We had the coldest winter spell this week so this Pesang Salmon with Sotanghon was perfect. The chilly weather was caused by the ‘polar vortex’ the news media explained. In my whole life, I have never experienced this. We felt a minus 31 F degrees wind chill temperature here in the east. I can now say I have felt all the extremes in weather temperature – from this blistering cold in the States to the exceedingly hot weather in the Philippines, which can go to above 100 F. All of these situations are a sure sign that we are not in control of nature’s volatility.

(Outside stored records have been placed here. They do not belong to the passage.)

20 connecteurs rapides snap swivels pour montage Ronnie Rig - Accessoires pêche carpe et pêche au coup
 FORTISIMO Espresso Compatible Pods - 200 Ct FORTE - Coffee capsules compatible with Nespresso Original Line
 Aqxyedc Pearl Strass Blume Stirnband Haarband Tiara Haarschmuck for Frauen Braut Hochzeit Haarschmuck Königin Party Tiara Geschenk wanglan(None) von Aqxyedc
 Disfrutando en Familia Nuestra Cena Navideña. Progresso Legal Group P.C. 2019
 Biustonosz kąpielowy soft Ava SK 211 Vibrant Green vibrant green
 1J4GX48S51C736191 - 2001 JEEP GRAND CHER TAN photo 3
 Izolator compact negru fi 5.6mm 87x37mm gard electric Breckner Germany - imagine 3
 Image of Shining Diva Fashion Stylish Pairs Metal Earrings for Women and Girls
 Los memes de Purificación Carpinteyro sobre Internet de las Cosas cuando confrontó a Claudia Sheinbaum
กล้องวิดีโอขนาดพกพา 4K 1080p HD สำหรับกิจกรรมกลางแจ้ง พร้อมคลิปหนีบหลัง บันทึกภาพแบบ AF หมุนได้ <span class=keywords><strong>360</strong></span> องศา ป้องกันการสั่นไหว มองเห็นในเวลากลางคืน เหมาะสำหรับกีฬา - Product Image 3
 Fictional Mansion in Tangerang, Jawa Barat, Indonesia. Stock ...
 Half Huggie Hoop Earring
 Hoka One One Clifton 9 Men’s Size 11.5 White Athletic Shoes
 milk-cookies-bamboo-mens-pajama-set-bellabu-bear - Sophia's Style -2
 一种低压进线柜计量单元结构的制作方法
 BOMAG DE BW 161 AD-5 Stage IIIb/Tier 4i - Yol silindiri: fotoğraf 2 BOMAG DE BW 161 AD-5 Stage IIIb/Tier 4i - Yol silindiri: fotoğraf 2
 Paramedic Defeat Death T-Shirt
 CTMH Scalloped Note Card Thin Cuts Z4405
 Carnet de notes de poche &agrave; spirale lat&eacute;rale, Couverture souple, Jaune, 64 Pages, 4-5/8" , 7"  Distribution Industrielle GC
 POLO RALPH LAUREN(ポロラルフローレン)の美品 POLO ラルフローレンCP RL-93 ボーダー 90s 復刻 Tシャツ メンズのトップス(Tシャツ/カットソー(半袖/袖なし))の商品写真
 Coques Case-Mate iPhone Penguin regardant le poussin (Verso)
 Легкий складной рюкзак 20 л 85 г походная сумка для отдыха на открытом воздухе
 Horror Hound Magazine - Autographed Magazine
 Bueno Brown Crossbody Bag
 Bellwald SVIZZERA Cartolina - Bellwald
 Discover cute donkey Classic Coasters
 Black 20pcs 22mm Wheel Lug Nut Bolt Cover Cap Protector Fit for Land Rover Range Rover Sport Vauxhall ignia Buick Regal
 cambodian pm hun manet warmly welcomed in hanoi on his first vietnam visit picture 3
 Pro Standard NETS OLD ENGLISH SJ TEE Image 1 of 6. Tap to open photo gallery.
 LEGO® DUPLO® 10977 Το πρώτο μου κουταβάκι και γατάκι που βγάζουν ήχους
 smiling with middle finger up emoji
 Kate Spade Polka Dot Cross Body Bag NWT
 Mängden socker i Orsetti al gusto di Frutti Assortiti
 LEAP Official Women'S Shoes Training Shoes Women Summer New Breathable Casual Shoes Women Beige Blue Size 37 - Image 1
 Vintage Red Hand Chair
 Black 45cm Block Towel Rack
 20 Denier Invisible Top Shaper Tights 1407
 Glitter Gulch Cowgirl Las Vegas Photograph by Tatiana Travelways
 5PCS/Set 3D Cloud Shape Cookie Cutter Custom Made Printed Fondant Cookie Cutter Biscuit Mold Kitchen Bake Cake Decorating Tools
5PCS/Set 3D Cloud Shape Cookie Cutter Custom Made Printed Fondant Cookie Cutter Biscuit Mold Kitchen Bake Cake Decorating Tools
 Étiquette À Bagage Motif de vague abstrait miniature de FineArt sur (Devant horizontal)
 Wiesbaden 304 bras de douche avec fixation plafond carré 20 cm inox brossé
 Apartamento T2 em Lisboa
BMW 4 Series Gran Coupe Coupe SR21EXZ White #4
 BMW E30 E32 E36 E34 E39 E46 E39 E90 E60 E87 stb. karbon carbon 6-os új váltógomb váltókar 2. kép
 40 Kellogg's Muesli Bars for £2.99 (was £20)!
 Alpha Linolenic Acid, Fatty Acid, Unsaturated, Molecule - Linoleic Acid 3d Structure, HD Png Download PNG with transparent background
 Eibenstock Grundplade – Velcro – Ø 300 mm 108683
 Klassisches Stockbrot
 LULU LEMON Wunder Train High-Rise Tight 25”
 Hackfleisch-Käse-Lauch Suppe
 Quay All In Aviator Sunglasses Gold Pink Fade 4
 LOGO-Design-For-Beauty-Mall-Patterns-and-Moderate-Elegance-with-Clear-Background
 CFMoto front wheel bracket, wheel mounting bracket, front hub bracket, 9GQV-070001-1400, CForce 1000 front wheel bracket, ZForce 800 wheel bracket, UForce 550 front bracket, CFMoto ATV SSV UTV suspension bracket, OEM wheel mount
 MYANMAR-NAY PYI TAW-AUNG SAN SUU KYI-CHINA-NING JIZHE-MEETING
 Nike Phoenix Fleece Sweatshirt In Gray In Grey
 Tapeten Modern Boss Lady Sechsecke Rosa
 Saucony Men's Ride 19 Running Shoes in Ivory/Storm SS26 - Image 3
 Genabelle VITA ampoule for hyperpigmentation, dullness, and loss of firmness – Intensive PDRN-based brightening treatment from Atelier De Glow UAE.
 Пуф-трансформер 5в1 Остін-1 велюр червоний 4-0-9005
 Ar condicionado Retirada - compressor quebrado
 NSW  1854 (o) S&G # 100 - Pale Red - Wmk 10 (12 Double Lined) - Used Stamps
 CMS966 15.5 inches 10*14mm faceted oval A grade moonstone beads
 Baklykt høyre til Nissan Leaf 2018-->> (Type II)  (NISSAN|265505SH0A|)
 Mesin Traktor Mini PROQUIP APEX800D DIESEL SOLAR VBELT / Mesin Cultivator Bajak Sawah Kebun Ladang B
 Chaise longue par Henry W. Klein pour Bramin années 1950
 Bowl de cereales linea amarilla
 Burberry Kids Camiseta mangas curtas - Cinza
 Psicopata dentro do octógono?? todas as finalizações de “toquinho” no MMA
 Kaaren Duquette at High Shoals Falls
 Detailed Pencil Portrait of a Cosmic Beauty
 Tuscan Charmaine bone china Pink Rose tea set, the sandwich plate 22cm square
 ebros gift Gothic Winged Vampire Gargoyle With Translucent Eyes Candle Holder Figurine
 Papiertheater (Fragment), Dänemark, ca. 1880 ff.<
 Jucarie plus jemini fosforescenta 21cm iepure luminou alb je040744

It also meant it was still soup season. So I made my usual go-to soup Pesang Isda (say “peh-sangh ees-dah”). The word ‘isda’ translates to ‘fish’. This is a classic Filipino seafood soup which has a base of clear broth flavored with fresh ginger and ‘patis’ (fish sauce). I cook this soup from memory all the time. It’s one of those recipes where you don’t have to open a cookbook or search for online. I like to do this because it’s one of the fastest and easiest to put together on a busy weeknight or a long, lazy weekend. I can toss in leftover vegetables, noodles in the pantry and any fish or seafood in season.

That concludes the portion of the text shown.